「無法の世界」(Won't Get Fooled Again)は、イギリスのロックバンド、ザ・フーの楽曲。1971年にシングルリリースされた。作詞・作曲はピート・タウンゼント。アルバム『フーズ・ネクスト』収録。
解説
「ババ・オライリィ」同様、シンセサイザーを大胆に使用した、テクノとハードロックを融合させた前衛的な曲。アルバム『フーズ・ネクスト』に先駆けてシングルリリースされた。演奏時間が8分半を越える大作だが、シングルバージョンは3分半程度に編集されている。イギリスでは「ピンボールの魔術師」以来のトップ10に入るヒットとなった。本作の宣伝広告には、コルセットをつけて鞭を振るう女装姿のキース・ムーンの写真が使用された[5]。
『フーズ・ネクスト』収録曲のほとんどがそうであるように、この曲もタウンゼントが企画したロック・オペラ「ライフハウス」のために書かれた曲である[6]。本作のリリース時にはすでに「ライフハウス」の計画は白紙化されていたが、アメリカではシングルに「映画『ライフハウス』より」と記載されていた[7]。タウンゼントはこの曲の内容について「革命について異を唱えている歌だ。革命なんて長い目で見ればただの革命にすぎず、多くの人々が傷つくだけだ」としている[8]。
1971年4月のロンドン、ヤング・ヴィック・シアターでの「ライフハウス」お披露目ライブで初めて演奏されて以降、ライブでは終盤の定番曲となっている[9]。1978年、キース・ムーンが生前に公共の場で最後に演奏した曲である。その模様はザ・フーのドキュメンタリー映画『キッズ・アー・オールライト』に収録された。
1980年代以後も、『ライヴ・エイド』や『コンサート・フォー・ニューヨーク・シティ』などでセットリストに取り入れられている。
2006年、アメリカの保守派総合誌ナショナル・レビューの「保守的なロックソング・ベスト50」で1位に選ばれた。タウンゼントはこの曲が「今は保守派に身を置く夢敗れた革命家たちのテーマソング」と評された事に怒り、自身のブログで反論している[10]。
CBSで放送されていたドラマ「CSI:マイアミ」の主題歌にもなっている。
『ローリング・ストーン』誌が選ぶ最も偉大な500曲において、295位にランクされている[11]。

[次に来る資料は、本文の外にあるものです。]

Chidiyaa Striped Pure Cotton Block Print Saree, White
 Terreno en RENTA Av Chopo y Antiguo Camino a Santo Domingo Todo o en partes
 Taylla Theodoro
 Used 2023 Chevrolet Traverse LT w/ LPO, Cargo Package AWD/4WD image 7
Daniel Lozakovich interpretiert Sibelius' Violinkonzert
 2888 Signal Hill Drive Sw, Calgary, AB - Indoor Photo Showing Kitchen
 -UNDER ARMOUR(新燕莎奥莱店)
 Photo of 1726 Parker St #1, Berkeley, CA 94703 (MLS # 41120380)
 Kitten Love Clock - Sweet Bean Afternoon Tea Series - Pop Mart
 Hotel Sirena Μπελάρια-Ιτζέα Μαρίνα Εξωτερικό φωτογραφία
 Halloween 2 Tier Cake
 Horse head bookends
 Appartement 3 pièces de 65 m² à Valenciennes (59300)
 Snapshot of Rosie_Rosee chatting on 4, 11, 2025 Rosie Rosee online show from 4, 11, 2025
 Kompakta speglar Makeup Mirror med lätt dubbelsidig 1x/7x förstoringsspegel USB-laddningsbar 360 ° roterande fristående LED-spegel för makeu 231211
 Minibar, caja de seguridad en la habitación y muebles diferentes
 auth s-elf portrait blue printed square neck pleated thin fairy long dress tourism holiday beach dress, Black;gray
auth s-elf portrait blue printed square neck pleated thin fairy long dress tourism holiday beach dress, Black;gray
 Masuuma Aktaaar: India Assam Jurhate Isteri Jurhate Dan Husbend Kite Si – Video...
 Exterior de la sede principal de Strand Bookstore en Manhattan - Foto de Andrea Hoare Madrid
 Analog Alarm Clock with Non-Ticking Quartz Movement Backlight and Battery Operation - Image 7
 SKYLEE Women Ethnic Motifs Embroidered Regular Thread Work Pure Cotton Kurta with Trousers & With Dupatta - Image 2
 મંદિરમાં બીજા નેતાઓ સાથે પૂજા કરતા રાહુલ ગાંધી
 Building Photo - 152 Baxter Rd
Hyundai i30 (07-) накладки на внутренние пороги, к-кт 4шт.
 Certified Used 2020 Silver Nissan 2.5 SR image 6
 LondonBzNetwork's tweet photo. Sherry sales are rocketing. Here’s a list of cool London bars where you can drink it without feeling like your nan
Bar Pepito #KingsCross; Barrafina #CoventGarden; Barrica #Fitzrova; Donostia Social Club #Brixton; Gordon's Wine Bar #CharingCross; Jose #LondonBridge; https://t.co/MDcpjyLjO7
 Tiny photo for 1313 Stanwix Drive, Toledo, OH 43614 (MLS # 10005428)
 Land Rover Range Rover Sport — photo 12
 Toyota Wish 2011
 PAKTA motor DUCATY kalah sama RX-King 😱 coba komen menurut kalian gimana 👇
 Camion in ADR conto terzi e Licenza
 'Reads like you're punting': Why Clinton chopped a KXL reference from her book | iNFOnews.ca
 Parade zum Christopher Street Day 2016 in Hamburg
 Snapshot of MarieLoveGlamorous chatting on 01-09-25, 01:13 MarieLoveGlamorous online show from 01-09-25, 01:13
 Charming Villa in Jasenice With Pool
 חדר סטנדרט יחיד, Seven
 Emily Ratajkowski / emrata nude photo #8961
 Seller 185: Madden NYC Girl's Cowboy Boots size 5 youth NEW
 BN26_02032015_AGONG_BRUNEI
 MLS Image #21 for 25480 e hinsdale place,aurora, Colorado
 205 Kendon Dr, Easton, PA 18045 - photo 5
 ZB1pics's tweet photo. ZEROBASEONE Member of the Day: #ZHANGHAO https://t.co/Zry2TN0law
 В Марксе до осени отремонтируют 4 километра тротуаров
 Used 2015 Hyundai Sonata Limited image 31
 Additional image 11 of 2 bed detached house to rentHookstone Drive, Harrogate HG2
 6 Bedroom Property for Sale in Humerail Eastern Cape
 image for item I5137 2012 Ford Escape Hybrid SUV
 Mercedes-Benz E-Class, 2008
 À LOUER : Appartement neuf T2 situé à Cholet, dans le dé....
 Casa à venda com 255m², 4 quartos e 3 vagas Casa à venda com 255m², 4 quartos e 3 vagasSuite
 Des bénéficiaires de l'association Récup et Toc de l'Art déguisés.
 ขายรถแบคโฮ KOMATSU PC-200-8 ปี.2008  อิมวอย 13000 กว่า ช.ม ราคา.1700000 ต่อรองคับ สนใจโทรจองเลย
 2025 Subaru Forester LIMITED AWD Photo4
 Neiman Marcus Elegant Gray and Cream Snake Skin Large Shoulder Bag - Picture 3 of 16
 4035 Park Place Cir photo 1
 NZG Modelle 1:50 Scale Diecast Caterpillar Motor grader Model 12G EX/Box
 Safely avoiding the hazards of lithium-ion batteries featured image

ちなみに、B面曲の「アイ・ドント・イーヴン・ノウ・マイセルフ」は、元々は1970年3月から5月にかけて行われた新アルバム(後に破棄された)のレコーディング時に製作された楽曲で[12]、同年8月のワイト島ロック・フェスティバルでも披露されている。「ライフハウス」とは無関係に作られた曲であるが、シングルリリースのために新たに再録された[7]。
別バージョン
1971年3月に行われたニューヨーク・レコード・プラント・スタジオでのセッションで録音された初期バージョンが存在する。この初期バージョンはオリジナル・バージョンとシンセサイザーのパターンが異なるが、この時はテープ・ループを使用せず、VCS3を通したオルガンをリアルタイムで演奏した。曲の終盤でのロジャー・ダルトリーのシャウトがないのもオリジナル・バージョンとの大きな違いである。この初期バージョンは、2003年発表の『フーズ・ネクスト/デラックス・エディション』で初めて日の目を見た[9]。